Within GoPerfect’s user-facing interactive, sub-agent-loop latency budget, the agent runs multiple parallel sub-queries against Qdrant and reasons over the union before returning a shortlist. Complex, multi-criteria searches complete end to end in under 10 seconds. From recruiter intent to a live pipeline, including the outreach agent kicking in, the full cycle takes under 2 minutes. Predictable retrieval latency is what makes the chain-of-thought experience feel agentic instead of laggy.
“Higher accuracy means fewer searches. Recruiters who used to run dozens of queries per role to assemble a shortlist now run one or two.”
— Idan Shaked, Head of R&D, GoPerfect
How it works in production
The production pipeline runs in three layers. Ingestion enriches profile data from multiple sources (professional networks, code repositories, company data, and AI-derived signals) and writes structured multivector points into Qdrant. Retrieval combines hybrid search with multivector queries to return a high-confidence candidate pool. An LLM orchestration layer above Qdrant runs the agent loop: it generates sub-questions, issues parallel searches, evaluates the returned candidates, and assembles the final ranked shortlist.
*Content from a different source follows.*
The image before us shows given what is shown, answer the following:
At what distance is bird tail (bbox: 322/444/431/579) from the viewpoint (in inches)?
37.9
GoPerfect also runs a candidate scoring and fraud-signal layer that cross-references claims in a resume against external evidence. A candidate who lists a programming language, for example, gets validated against their public code activity. The scoring layer also learns from outcomes: when a candidate flagged with a fraud signal goes on to get hired through normal channels, the system weights similar signals more leniently going forward. Recruiters see a graphical view of each candidate that includes both the ranking and the supporting evidence, with adjustable tolerance for fraud signals depending on the role context.
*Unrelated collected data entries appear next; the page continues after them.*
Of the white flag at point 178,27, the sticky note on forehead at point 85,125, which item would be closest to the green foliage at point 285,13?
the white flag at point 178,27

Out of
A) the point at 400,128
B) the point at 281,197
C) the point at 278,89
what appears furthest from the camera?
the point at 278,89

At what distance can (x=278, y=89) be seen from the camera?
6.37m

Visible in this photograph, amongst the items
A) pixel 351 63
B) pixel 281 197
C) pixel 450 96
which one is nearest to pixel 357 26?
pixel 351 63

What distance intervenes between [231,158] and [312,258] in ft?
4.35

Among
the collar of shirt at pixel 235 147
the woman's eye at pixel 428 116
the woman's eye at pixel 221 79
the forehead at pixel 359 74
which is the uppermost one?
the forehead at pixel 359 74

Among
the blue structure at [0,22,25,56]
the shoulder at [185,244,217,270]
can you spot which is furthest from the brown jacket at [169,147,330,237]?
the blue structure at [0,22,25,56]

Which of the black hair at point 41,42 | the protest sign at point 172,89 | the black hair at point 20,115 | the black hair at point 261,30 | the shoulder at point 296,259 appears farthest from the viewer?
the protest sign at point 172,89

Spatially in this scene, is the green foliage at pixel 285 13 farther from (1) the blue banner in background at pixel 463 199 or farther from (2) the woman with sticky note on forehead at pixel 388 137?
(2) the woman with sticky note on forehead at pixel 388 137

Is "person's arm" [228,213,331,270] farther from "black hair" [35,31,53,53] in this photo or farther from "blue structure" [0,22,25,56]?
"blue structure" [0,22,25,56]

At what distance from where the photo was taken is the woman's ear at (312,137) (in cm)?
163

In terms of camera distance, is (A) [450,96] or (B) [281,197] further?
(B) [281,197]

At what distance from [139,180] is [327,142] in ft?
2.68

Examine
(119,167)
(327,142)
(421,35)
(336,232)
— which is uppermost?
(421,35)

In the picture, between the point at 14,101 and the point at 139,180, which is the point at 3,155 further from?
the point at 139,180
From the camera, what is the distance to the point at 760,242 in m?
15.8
“With Qdrant, we can offer customers a full agentic experience: a real chain of thoughts, memory, and context. That’s what people expect from a true agent today.”
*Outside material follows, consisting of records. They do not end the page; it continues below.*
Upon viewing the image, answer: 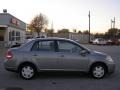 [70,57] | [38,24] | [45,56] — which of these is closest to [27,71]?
[45,56]

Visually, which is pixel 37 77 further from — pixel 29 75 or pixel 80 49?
pixel 80 49

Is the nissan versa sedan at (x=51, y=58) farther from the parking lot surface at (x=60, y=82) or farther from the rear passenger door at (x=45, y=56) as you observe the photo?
the parking lot surface at (x=60, y=82)

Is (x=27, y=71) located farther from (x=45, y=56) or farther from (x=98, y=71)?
(x=98, y=71)

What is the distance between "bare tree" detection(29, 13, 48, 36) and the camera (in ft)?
278

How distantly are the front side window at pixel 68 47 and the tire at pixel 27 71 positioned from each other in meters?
1.32

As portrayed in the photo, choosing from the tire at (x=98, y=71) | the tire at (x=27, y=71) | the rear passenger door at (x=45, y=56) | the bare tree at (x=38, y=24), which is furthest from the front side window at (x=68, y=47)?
the bare tree at (x=38, y=24)

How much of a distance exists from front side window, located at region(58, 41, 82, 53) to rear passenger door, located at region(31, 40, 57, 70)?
300 millimetres

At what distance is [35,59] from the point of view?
1107 centimetres

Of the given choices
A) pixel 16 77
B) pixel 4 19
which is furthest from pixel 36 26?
pixel 16 77

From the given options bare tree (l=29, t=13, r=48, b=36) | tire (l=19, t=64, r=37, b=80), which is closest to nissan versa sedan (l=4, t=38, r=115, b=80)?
tire (l=19, t=64, r=37, b=80)

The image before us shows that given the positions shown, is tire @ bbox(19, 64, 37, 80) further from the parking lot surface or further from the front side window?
the front side window

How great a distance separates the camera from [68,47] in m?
11.2

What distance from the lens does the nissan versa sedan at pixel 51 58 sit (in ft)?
36.3

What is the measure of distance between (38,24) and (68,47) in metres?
75.1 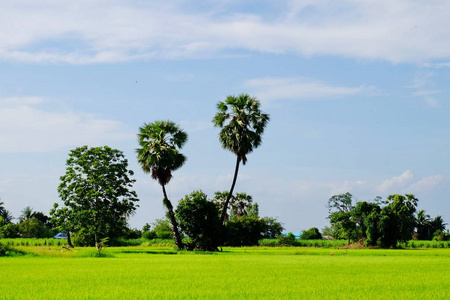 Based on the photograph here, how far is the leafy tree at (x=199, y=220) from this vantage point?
56469 millimetres

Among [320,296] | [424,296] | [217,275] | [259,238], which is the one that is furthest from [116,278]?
[259,238]

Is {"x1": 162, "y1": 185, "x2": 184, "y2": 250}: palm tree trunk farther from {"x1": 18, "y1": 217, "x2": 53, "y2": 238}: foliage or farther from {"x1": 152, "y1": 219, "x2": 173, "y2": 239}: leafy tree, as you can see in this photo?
{"x1": 18, "y1": 217, "x2": 53, "y2": 238}: foliage

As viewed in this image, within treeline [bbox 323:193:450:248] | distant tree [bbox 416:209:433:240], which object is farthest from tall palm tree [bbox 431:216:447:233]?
treeline [bbox 323:193:450:248]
— Eylon Etshtein, CEO, GoPerfect

What’s next
GoPerfect’s roadmap extends Qdrant deeper into the recruiting funnel. Near-term work includes richer search criteria, broader fraud-signal coverage with recruiter-adjustable tolerance, ATS integrations, and “agents operating agents” patterns that turn a single recruiter into the conductor of a small army of specialized agents. Longer term, GoPerfect plans to automate progressively more of the hiring funnel
From semantic-only to agentic-grade retrieval
GoPerfect encountered what most retrieval systems bump up against when the corpus grows and the queries get more nuanced. Pure semantic similarity returned candidates that looked right and weren’t. The move to hybrid, multivector, agent-orchestrated retrieval on Qdrant changed the product’s economics. Instead of 30 percent acceptance rates that mirror the rest of the recruiting industry, GoPerfect ships shortlists that recruiters can act on directly. That’s the difference between a faster version of the same job and a different category of product.